O auditório completamente lotado denunciava que alí ocorria um evento histórico. “Estou a 31 anos na Universidade, e raríssimas vezes ví este auditório cheio”, disse Marcelo Macedo, que também representava o reitor. Mavi Rodrigues ressaltou o elitismo da universidade pública brasileira: “No Brasil, menos de 5% dos jovens têm acesso à universidade pública; destes, pouquíssimos são filhos de trabalhadores urbanos; e menos ainda, filhos dos trabalhadores rurais.” Mavi exaltou ainda a parceria entre os diversos atores desta empreitada: o MST, que forçou a entrada dos camponeses na universidade, o INCRA, que executa o PRONERA, o CA, que ajudou na luta contra as resistências internas, o CFCH, que foi a primeira porta de entrada para camponeses através de um curso de extensão, e o reitor Aloisio Teixeira, que foi um grande aliado na derrubada dos obstáculos jurídicos e burocráticos deste processo. E finalizou: “A entrada de trabalhadores rurais no campus universitário é comparável ao corte da cerca do latifúndio”.

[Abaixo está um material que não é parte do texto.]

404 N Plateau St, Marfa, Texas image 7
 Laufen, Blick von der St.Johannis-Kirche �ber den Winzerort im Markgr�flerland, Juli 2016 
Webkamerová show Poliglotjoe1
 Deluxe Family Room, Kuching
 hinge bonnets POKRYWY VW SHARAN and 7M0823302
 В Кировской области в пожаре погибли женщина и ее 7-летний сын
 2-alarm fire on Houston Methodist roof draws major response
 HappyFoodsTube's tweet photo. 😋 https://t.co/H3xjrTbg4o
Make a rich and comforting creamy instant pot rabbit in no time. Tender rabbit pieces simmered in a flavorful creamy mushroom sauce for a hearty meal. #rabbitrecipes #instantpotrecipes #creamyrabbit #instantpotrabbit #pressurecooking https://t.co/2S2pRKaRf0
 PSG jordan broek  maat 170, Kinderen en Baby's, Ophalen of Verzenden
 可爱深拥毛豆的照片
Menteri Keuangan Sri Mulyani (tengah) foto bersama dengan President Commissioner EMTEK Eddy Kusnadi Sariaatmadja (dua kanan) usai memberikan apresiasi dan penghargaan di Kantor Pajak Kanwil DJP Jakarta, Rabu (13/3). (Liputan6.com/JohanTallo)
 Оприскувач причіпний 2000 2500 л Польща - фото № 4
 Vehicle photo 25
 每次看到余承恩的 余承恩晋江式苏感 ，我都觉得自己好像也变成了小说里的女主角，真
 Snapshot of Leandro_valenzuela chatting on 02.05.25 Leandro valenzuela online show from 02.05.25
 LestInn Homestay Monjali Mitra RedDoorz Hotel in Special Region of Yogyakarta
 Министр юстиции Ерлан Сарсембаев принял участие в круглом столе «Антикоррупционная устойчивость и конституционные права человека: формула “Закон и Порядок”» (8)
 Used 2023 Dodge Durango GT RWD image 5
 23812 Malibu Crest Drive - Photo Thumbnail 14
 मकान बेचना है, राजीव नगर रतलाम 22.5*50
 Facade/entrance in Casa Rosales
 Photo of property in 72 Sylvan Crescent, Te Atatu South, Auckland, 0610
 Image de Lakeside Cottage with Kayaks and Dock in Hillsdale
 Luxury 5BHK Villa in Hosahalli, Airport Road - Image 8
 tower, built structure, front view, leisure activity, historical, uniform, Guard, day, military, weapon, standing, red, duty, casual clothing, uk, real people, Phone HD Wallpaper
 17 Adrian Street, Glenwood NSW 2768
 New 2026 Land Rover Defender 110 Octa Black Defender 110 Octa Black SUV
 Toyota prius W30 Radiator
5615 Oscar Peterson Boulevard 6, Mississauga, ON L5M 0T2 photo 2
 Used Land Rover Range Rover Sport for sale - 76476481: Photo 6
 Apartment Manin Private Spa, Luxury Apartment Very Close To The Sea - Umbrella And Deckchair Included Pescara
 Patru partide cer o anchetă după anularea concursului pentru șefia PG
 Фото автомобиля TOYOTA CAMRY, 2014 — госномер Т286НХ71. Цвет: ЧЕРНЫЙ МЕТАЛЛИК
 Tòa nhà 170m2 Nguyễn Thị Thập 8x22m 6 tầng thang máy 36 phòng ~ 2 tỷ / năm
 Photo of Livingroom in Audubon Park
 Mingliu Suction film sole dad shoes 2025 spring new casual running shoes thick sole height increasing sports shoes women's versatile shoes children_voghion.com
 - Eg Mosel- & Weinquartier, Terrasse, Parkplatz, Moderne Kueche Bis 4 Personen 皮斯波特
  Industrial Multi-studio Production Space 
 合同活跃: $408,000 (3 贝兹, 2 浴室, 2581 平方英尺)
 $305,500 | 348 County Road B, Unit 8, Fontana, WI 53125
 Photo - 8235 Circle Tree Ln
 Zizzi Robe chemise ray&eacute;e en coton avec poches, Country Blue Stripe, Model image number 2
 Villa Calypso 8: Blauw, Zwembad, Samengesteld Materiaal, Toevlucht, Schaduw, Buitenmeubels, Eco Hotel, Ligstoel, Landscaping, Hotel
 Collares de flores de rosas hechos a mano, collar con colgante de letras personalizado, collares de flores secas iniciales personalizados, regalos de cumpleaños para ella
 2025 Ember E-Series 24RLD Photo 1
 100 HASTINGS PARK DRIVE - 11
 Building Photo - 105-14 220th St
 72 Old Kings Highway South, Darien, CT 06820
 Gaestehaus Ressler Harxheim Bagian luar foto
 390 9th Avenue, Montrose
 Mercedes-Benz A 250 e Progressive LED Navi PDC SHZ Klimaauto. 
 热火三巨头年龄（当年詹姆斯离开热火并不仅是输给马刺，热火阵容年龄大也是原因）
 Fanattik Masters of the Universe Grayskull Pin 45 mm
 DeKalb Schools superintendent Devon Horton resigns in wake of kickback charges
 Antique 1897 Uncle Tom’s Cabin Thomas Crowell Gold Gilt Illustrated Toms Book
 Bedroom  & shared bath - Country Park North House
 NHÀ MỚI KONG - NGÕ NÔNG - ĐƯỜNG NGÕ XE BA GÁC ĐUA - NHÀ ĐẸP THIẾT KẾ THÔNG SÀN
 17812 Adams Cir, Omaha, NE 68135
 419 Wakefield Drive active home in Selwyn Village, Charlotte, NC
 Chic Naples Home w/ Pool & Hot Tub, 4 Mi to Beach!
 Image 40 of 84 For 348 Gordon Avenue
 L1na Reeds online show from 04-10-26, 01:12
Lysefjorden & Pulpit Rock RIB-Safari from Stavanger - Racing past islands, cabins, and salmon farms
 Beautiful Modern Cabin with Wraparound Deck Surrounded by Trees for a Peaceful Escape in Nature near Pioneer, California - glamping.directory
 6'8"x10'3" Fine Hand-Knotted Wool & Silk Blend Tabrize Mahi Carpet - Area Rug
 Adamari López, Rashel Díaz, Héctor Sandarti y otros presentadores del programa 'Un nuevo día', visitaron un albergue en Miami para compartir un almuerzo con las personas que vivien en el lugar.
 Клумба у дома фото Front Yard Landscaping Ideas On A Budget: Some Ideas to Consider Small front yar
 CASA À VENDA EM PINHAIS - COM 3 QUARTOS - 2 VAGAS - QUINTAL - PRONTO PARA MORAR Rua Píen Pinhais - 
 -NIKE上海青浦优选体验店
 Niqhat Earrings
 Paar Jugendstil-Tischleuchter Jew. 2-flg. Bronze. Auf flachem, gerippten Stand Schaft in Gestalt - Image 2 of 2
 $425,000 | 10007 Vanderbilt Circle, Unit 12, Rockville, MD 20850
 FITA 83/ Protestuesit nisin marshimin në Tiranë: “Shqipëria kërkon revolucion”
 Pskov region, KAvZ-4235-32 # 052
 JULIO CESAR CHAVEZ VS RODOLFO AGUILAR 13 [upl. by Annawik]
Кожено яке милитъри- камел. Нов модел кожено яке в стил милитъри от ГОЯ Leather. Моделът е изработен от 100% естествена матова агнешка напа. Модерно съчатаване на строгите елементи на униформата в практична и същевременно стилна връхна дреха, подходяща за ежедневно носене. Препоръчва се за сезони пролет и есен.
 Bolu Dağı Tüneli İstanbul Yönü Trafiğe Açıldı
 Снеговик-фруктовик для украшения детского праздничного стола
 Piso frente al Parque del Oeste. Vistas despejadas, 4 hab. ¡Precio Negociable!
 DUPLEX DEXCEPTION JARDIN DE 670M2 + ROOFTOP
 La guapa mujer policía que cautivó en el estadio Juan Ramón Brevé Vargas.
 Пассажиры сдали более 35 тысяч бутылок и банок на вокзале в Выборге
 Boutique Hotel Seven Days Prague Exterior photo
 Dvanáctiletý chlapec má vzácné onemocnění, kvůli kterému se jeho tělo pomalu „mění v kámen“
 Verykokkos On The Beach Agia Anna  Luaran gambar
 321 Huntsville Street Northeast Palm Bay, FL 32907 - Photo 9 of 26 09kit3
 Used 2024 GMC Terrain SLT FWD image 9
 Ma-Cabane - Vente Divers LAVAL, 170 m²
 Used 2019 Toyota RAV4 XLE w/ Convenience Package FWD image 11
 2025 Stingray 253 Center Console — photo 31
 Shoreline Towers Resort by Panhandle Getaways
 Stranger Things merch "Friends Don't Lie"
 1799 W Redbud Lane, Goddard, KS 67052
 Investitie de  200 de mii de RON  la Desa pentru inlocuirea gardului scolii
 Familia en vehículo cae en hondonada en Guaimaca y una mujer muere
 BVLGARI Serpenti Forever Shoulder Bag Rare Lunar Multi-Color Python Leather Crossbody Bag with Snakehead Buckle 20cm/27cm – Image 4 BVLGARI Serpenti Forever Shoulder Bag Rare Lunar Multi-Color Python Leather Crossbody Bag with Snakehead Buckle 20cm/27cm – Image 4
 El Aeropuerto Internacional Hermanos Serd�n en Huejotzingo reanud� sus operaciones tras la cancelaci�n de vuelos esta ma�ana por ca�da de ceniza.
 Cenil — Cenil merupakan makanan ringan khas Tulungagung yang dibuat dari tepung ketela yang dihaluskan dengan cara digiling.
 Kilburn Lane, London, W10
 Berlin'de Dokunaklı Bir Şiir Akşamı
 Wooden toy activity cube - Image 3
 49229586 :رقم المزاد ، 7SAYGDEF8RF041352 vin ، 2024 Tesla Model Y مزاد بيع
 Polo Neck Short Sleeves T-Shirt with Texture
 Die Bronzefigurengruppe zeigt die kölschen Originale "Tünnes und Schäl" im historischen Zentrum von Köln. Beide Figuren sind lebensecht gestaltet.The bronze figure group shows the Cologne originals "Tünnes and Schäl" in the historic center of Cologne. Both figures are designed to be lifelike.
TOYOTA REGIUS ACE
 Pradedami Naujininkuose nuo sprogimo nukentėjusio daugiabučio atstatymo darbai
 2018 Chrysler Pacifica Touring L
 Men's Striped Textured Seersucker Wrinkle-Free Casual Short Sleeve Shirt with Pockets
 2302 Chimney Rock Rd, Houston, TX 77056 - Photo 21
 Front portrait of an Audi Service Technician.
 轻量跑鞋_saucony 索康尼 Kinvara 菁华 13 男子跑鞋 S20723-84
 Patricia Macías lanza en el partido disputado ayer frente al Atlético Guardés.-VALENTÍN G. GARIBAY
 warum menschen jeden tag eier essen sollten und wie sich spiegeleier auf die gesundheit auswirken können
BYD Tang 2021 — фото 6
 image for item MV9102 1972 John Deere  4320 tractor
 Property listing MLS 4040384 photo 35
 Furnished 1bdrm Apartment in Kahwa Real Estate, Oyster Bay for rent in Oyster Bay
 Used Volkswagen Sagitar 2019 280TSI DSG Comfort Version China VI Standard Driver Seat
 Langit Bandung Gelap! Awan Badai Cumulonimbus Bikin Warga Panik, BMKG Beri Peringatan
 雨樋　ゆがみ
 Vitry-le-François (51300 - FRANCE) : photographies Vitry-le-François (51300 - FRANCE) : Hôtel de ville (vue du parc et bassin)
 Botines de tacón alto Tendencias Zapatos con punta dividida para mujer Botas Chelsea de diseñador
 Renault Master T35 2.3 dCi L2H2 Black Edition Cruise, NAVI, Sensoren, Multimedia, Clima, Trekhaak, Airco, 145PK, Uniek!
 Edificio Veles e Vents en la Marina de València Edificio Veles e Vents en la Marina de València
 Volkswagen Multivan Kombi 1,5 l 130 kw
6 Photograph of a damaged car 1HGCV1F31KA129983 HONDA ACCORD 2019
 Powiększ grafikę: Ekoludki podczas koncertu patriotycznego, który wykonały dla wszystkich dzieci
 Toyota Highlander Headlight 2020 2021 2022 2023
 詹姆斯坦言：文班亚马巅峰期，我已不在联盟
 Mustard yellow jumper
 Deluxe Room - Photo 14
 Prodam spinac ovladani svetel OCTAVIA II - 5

Maristela Dal Moro colocou o curso como a materialização de um sonho coletivo. Segundo ela, receber alunos de 20 estados, sendo 60% mulheres, do MST, Movimento de Pequenos Agricultutores (MPA) e do Movimento de Mulheres Camponesas (MMC), é um mais um marco na luta pela ampliação do acesso à universidade. E deu ainda as boas vindas ao alunos do curso noturno, que ingressaram via SISU, no primeiro vestibular com cotas sociais da UFRJ. Veja entrevista com Maristela Dal Moro. A representante do Centro Acadêmico, Joana Motta, vê no momento histórico a tentativa de popularizar a universidade, direcionando seu foco para os trabalhadores e não para as grandes empresas.

Representando o INCRA, orgão executor do PRONERA, estava Rosane Rodrigues: “Como agente público, é muito gratificante ver um projeto saindo do papel e chegando à ação, chegando à população. Depois de tantos “chás de sofá”, o sonho se concretiza, e honra o trabalho do agente público.” Rosane ressaltou que o PRONERA continua sob responsabilidade do INCRA (e não do MEC) por força dos movimentos sociais, que exigem uma educação diferenciada para os povos do campo. O desafio agora, segundo ela, é transformar o PRONERA em política pública, e não aceitar mais escolas urbanas no campo. E finalizou: “acompanharei o curso como fiscalizadora do INCRA, mas também como militante.” Veja entrevista com Rosane Rodrigues.

Geraldo Gasparin, da Escola Nacional Florestan Fernandes (ENFF), finalizou: “Colocar os trabalhadores nas malhas escolares, trabalhar pela formação da classe trabalhadora, isso é parte da nossa luta.” Segundo ele, hoje existem cerca de 50 turmas de assentados da reforma agrária em andamento, com mais de 3000 graduados ou graduandos em todo o país. Veja entrevista com Geraldo Gasparin.

Aula inaugural MST 125

Foto: Cícero Rabello

Ao final da mesa, foi apresentada uma mística feita por ex-alunos da escola, e outra feita pelos ingressantes. Veja o vídeo da mística.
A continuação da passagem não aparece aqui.